I am a finalist medical student in Kenyatta University in Nairobi, Kenya.
During my free time, I work with a group of volunteers composed of medical and public health students in a project called RESPEKT (Reproductive and Sexual Health Program for Kenyan Teenagers). This is a partnership project between Medical Students’ Association of Kenya (MSAKE) and International Medical Co-operation Committee Uland (IMCC-Uland). The project started to develop in 2014, and by 2015 volunteers from both MSAKE and IMCC met to brainstorm; that was when RESPEKT was born.
Our goal is to ensure quality education on sexual and reproductive health and rights (SRHR) among teenagers aged 13-19 years in Kenya by facilitating a series of workshops at undeserved secondary schools in five different Kenyan counties. The project applies a rights-based approach to combat the harmful cultural practices, gender-based violence and lack of relevant and accurate information on SRHR among youth in Kenya.

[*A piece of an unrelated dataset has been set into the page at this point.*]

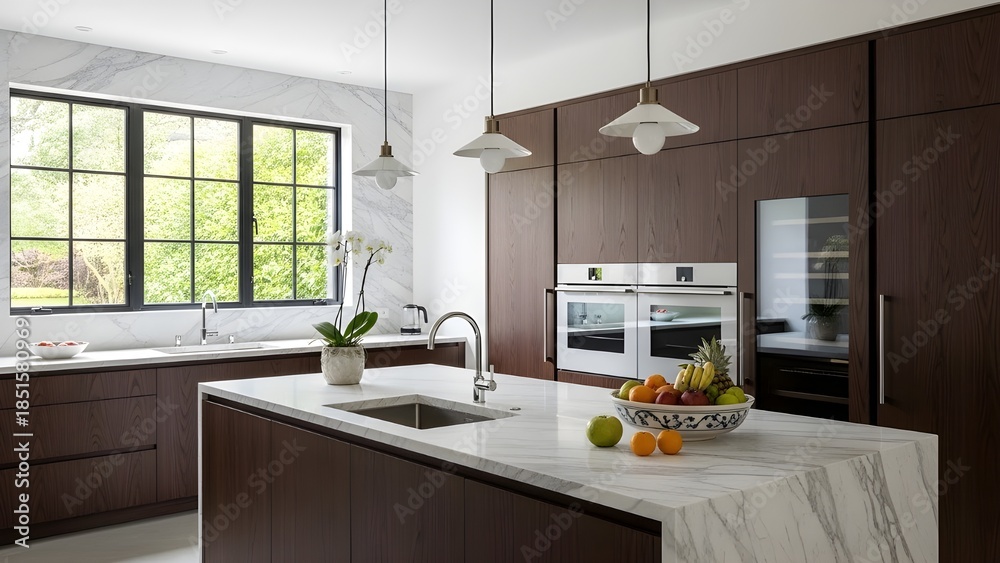 Fototapeta premium Contemporary kitchen featuring brown cabinetry, marble countertop, and modern appliances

In Kenya, young boys and girls are unable to access sexual and reproductive health services despite of their right to do so as entrenched in the Kenyan constitution. Young women and children continue to suffer in the hands of health-care practitioners and quacks who claim that female genital mutilation done in the hospital is safer than that done in traditional settings. Unmet sexual and reproductive health needs among the youth contribute to unwanted pregnancies, STIs and HIV infections. Teenage pregnancies are associated with adverse outcomes such as unsafe abortion, obstructed labour, fistulas and death.
Efforts to address these issues have been made by the national government, through the creation of the Adolescent Reproductive Health and Development Policy in 2003 aimed at improving reproductive health and the quality of life among Kenyan adolescents and youth. However, the drive to secure adequate awareness and education on SRHR has faced a range of cultural and religious opposition.
Accommodating these challenges, we seek to provide quality education on sexual and reproductive health and rights through a series of workshops that emphasize the creation of safe spaces. A safe space is a non-judgemental and friendly environment where we can have open discussions and our opinions are respected. Through the project we have been able to address issues of menstrual hygiene; harmful cultural practices like female genital mutilation; the importance of safe sex practices and abstinence when possible; and early or unplanned pregnancy. Creating safe spaces has made students feel comfortable and enthusiastic in leading discussions. One girl remarked after a session on early pregnancy, “I was like a blind person before you came to our school but now I see clearly”.
Issues surrounding sexuality and reproductive health are difficult to talk about with our parents and teachers because it is largely considered taboo. Young boys and girls are therefore more receptive to us compared to older people, and we take advantage of this to impact youth one at a time. Our long term goal is to raise a generation of young women and men who will take charge of their health and secure the right to health for all around them. The workshops have also given us an opportunity to mentor and encourage young boys and girls in school to strive towards making it to college and a better life.